■ **REQUIRED WORK**
The expected output is the line with "A fully stocked" plus all lines after it to the end of the material below, reproduced exactly, with pictures omitted and nothing else included.

■ **DATASET EXCERPT**

_ _ _ _

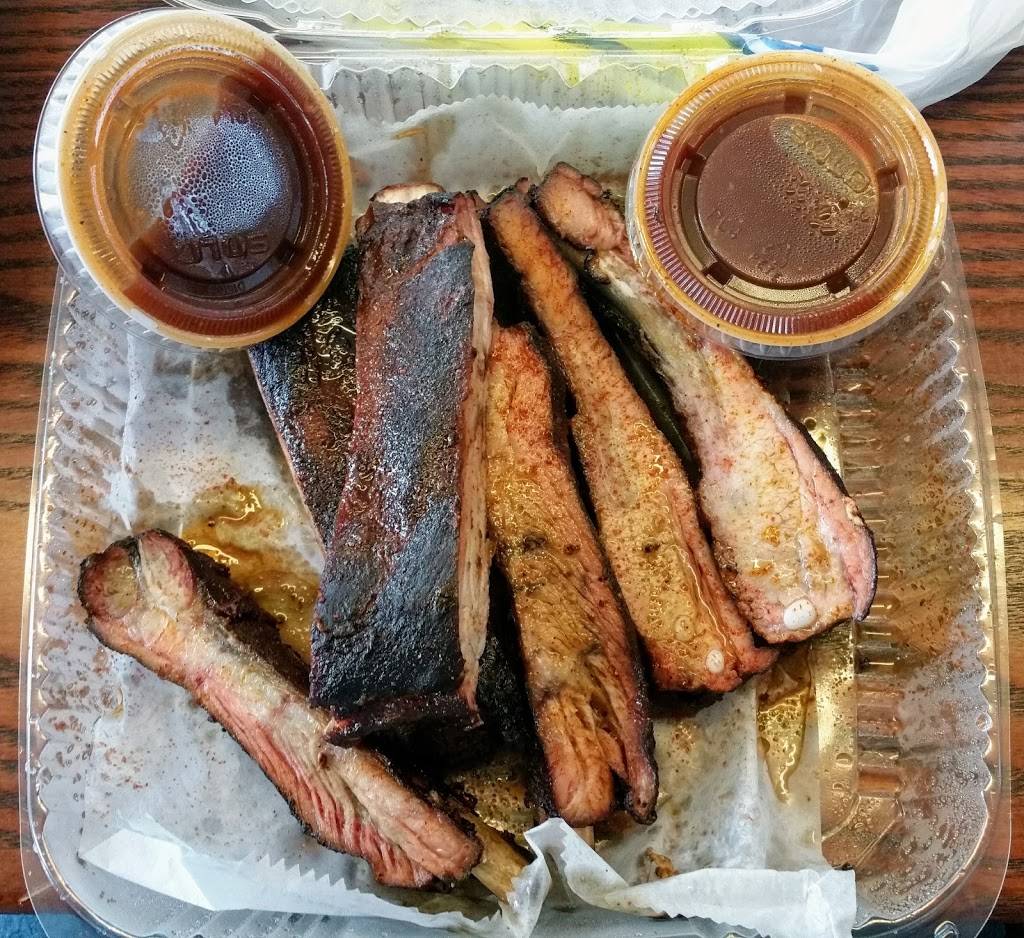 Texas 202 Barbeque of Maryland | restaurant | 14123 Brandywine Rd, Brandywine, MD 20613, USA | 2406813957 OR +1 240-681-3957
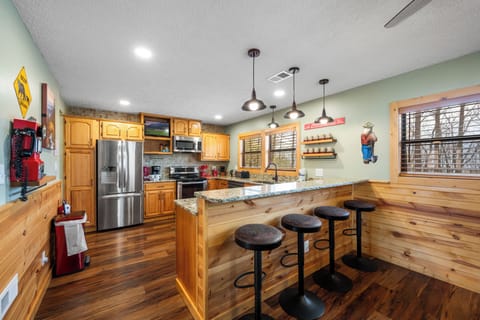 A fully stocked kitchen ready for your culinary adventures!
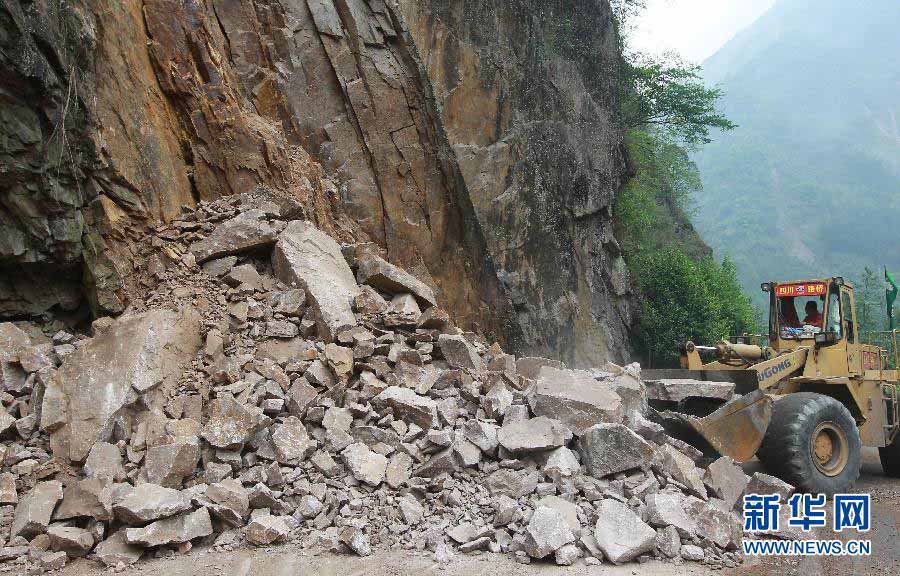 192 человека погибли, 23 пропали без вести в результате землетрясения в провинции Сычуань (14)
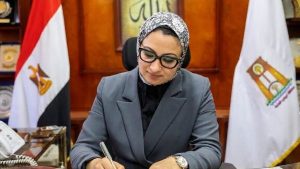 ارتفاع درجات الحرارة.. محافظ الوادي الجديد تصدر قرارا بتنظيم مواعيد عمال النظافة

_ _ _ _

■ **SOLUTION TO THIS EXERCISE**
 A fully stocked kitchen ready for your culinary adventures!
 192 человека погибли, 23 пропали без вести в результате землетрясения в провинции Сычуань (14)
 ارتفاع درجات الحرارة.. محافظ الوادي الجديد تصدر قرارا بتنظيم مواعيد عمال النظافة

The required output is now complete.